The main problem with using TLS is that the original TLS 1.2 specification (RFC 5246) does not provide for using OpenPGP certificates. It seems to be very x.509 centric. RFC 6091, which obsoletes RFC 5081 and extends RFC 5246, makes provisions for an extension to TLS that does what I want. The problem is that I don't think BouncyCastle implements this extension and I can't find a Java crypto library that does. I also don't want to write my own / contribute to BC because I'm really bad at not making mistakes and I'm also very lazy.

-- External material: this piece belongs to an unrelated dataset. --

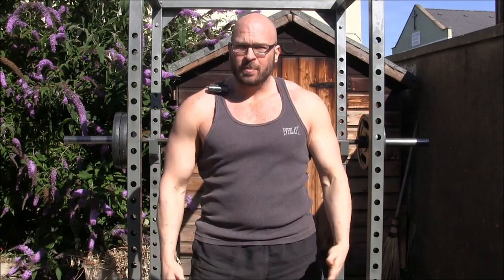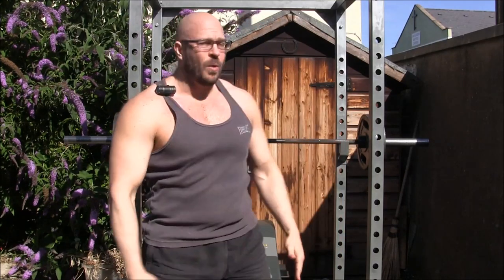Hey everybody, it's Jason Blaha here and today I'm going to teach you guys how to perform the incline barbell bench press. I'm actually going to use a decent enough weight that it could break my form down if I'm not careful — I'm going to go ahead and use 100 kilos today just for demonstration purposes. This lift isn't actually in my own routine at the moment.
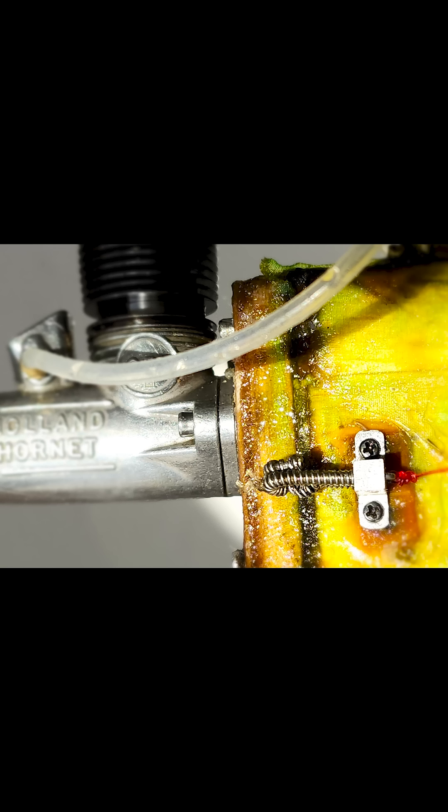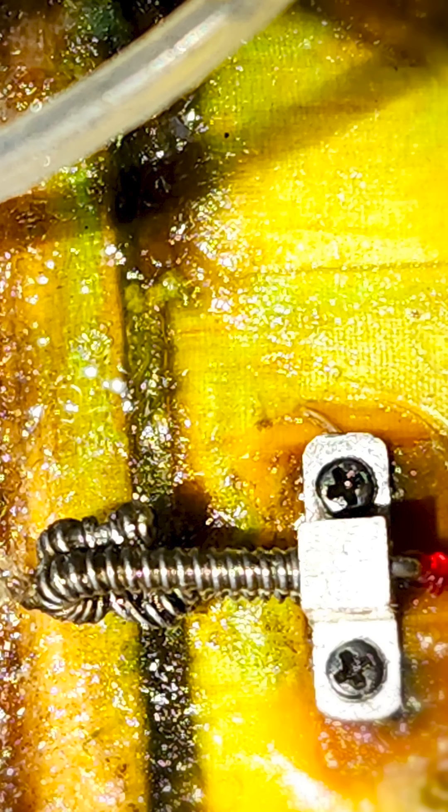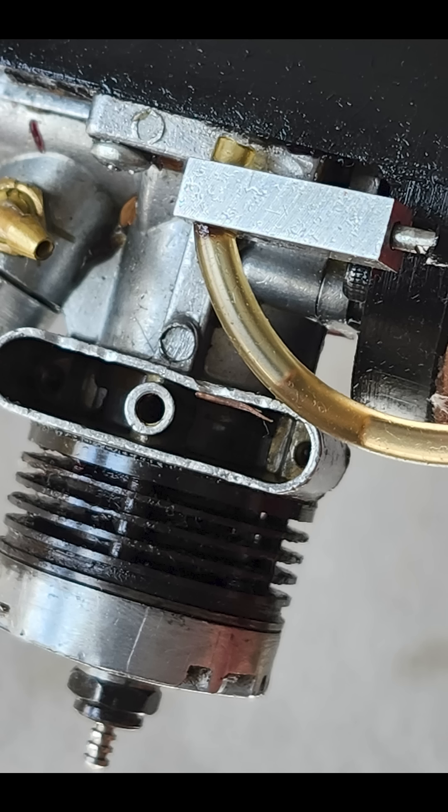There's also one that mounts to the engine lug like the Texas timer unit, but I haven't used that one yet — I just really like the ones with the lever. This is the Texas timer remote on my OS.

Another problem with this is that BouncyCastle provides "a light weight client-side TLS API" but because this software is P2P, a server-side API is also necessary so that I can use TLS by making it believe that the peer originating the connection is the client. I'm pretty sure that once the handshake is complete that it's the same.
Questions:
Is there any way that I can still use TLS (which I highly doubt)? Is there a protocol like TLS that is designed for P2P, or at least can function in this way (like I believe TLS can), but can work with an OpenPGP certificate? If neither is the case, should I pursue the idea explained in this question and implement my own layer taking concepts from TLS?
Links to RFCs: RFC 5246 and RFC 6091
The only library that I know to support RFC 6091 (i.e. TLS with openpgp certificates) is GnuTLS but I don't know whether you can use something like that in Java. Alternatively you could replicate the SSH semantics, where you store the public keys of your peers using self-signed
X.509 certificates.
In TLS, the X.509 parts are actually handled as opaque blobs:
The server sends its certificate (and some helper certificates, if it wishes so) as (a list of) opaque string(s) of bytes (a three-byte length, followed by the encoded certificate as arbitrary bytes).
When the server asks for public key client authentication, it sends a list of "names" which are supposed to be the encoded X.500 names of the root CA the server will recognize -- there again, opaque blobs (two-byte length).
The client, when (if) it sends a certificate (chain), uses the same format than the server.
As TLS is defined, both client and server are supposed to use the peer public key, which they get in any way they see fit and that's mostly out of scope of the TLS specification: the certificates exchanged over the wire are considered as mere helpers. So there would be no problem in actually sending OpenPGP encoded public keys in those blobs, as long as both client and server expect it -- and since you control code on both, this should be no issue.
Your problem then "simply" becomes a matter of making a TLS implementation accept to hand you the blobs without choking on them. I know of no existing Java-only TLS implementation which will fit the bill, so you may have to write a bit of code -- but I urge you not to fiddle with TLS protocol details except processing of the certificate blobs. Those things are subtle and weaknesses are sooo easy to create...
As far as I know, the Sun/Oracle JSSE implementation only deals with X.509 TrustManagers (which you can customize to handle certain extensions, but would still expect a structurally valid X.509 certificate.
It might be possible to use Java's security API to implement RFC 6091, but I'm not sure how. It's definitely more work than just tweaking the TrustManagers, as you would have to go deeper into Java's implementation of TLS.
Alternatively, if it's for a bespoke server, you could re-use the key material from PGP certificates into X.509 certificates and put the initial PGP certificate (with all its signatures) as a blob in a custom X.509 extension (as it's more or less done here). The problem here would be interoperability, since such an extension wouldn't be a standard. Implementing a TrustManager in Java that is able to understand extension is definitely feasible, and you wouldn't need to dig into the internals of Java's TLS stack, you'd only have to deal with custom TrustManagers to initialize your SSLContexts.